Although the records contain pictures, the copy must not; reproduce everything else in them exactly.

*** EXERCISE DATA Section Begins ***

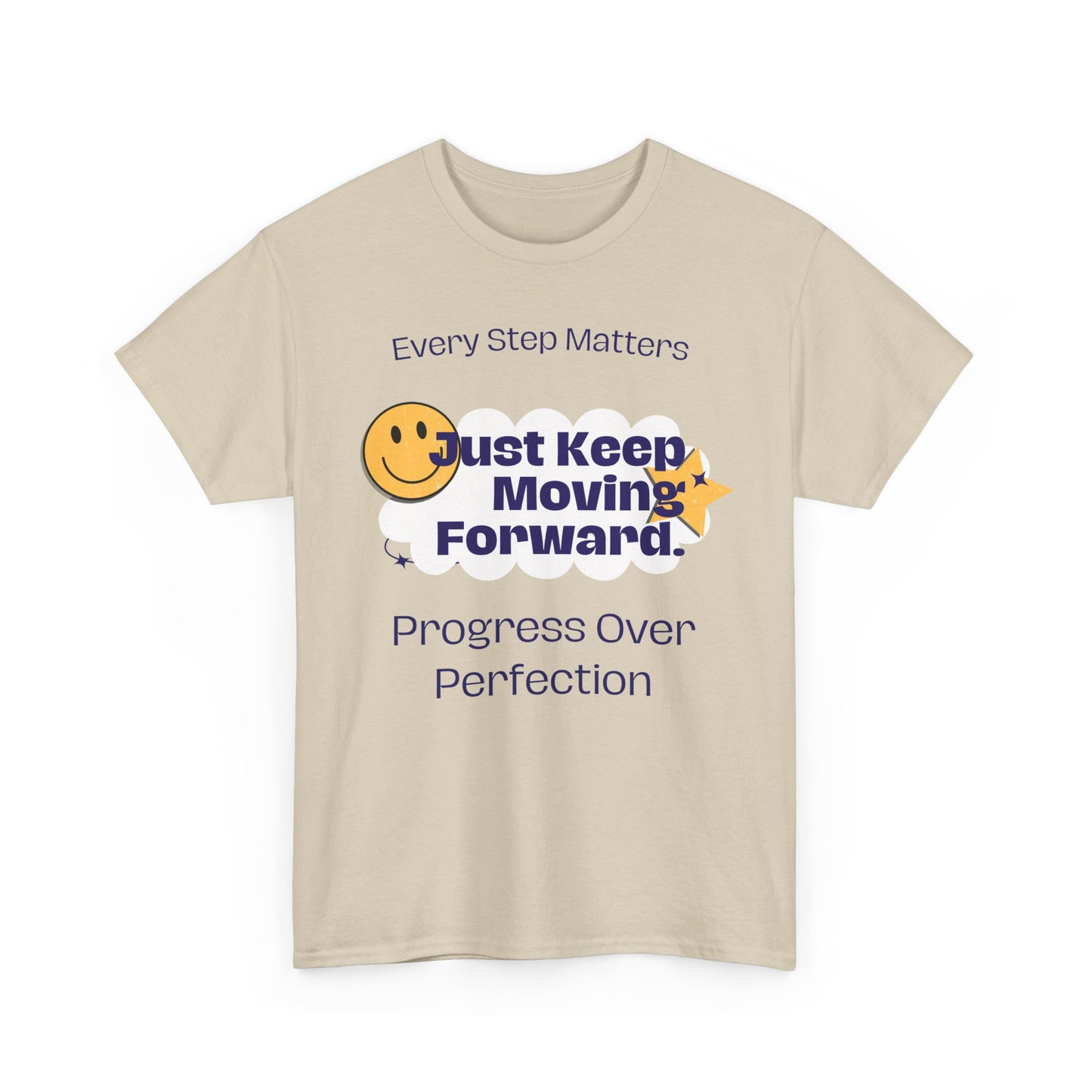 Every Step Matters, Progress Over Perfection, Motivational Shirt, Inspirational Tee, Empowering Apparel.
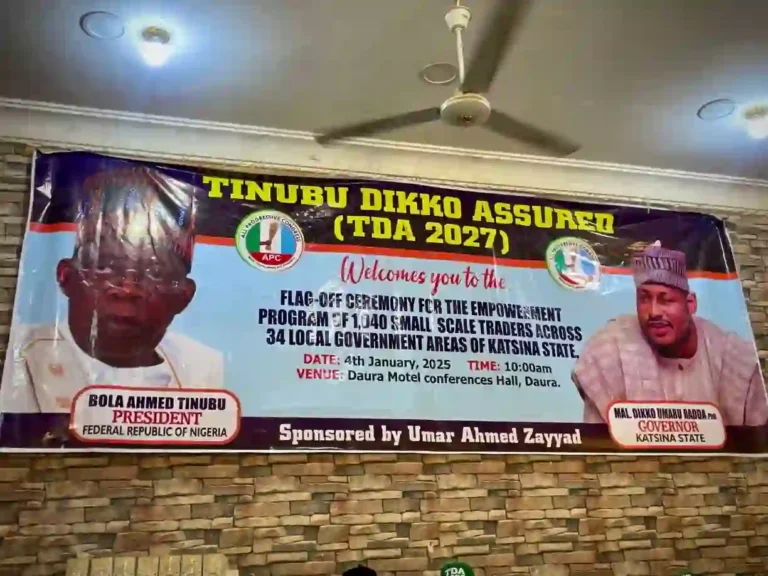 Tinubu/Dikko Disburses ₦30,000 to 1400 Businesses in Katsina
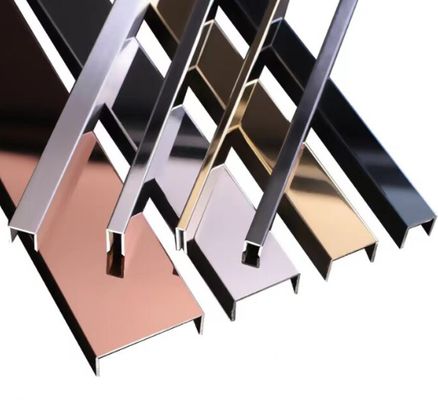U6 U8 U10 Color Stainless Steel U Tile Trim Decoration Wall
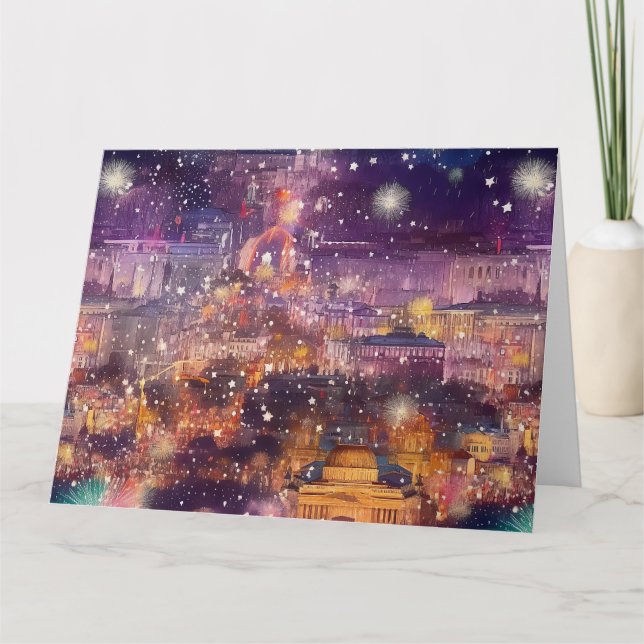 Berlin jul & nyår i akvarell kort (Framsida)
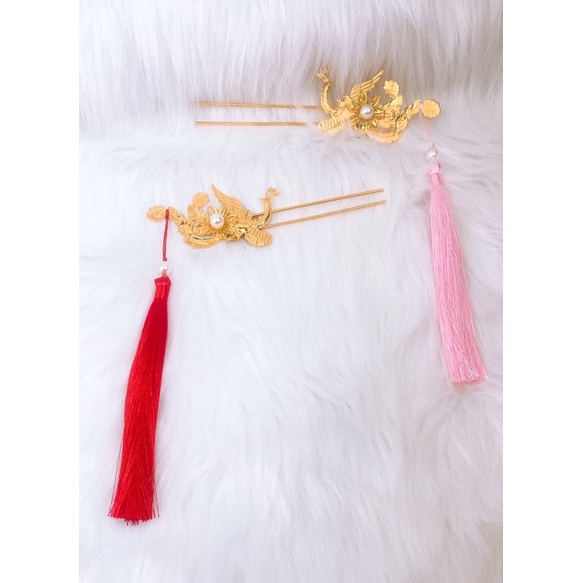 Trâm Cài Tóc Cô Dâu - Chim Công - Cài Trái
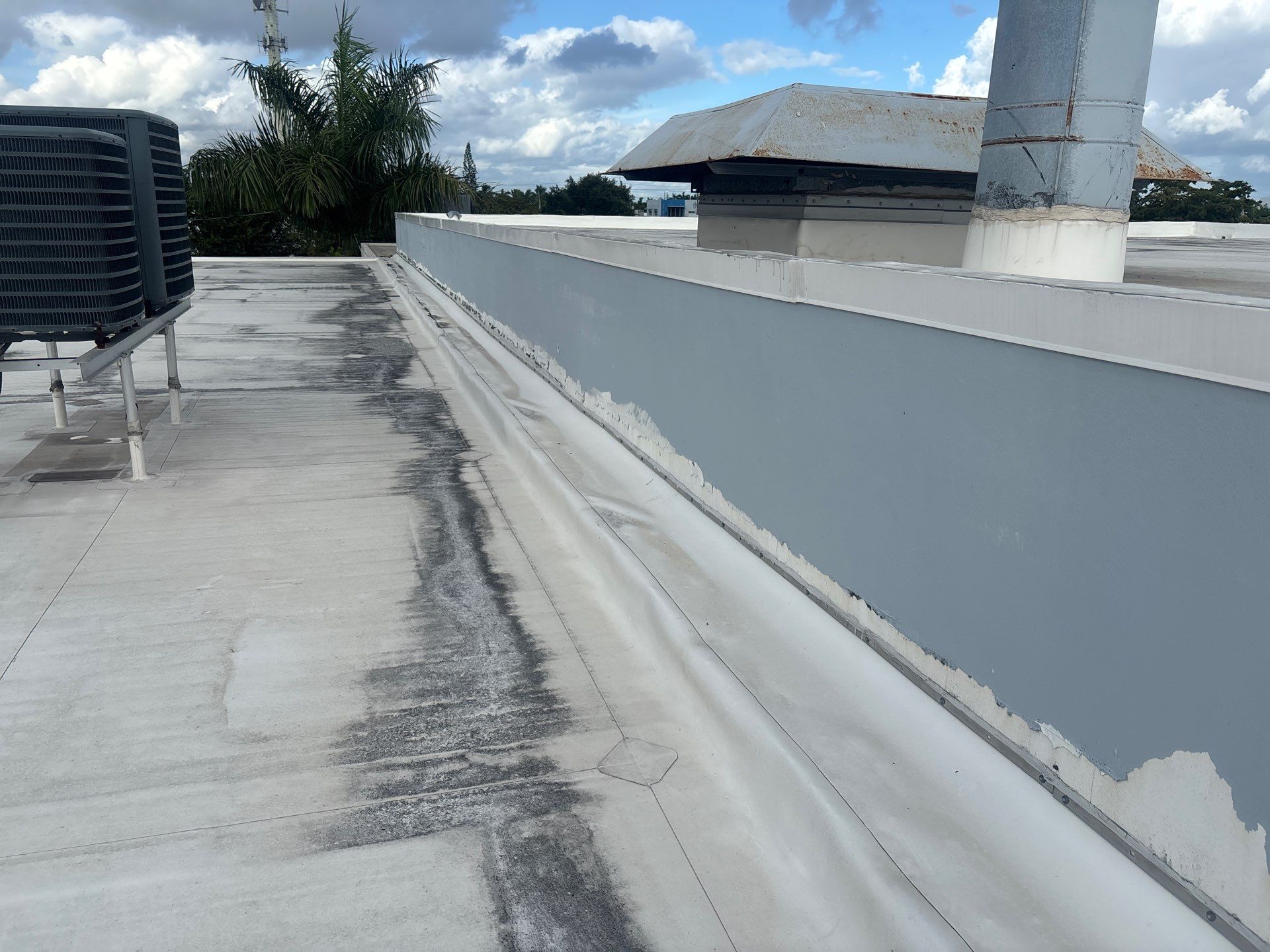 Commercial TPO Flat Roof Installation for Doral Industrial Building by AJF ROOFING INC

*** EXERCISE DATA Section Ends ***

> **EXERCISE ANSWER**
 Every Step Matters, Progress Over Perfection, Motivational Shirt, Inspirational Tee, Empowering Apparel.
 Tinubu/Dikko Disburses ₦30,000 to 1400 Businesses in Katsina
U6 U8 U10 Color Stainless Steel U Tile Trim Decoration Wall
 Berlin jul & nyår i akvarell kort (Framsida)
 Trâm Cài Tóc Cô Dâu - Chim Công - Cài Trái
 Commercial TPO Flat Roof Installation for Doral Industrial Building by AJF ROOFING INC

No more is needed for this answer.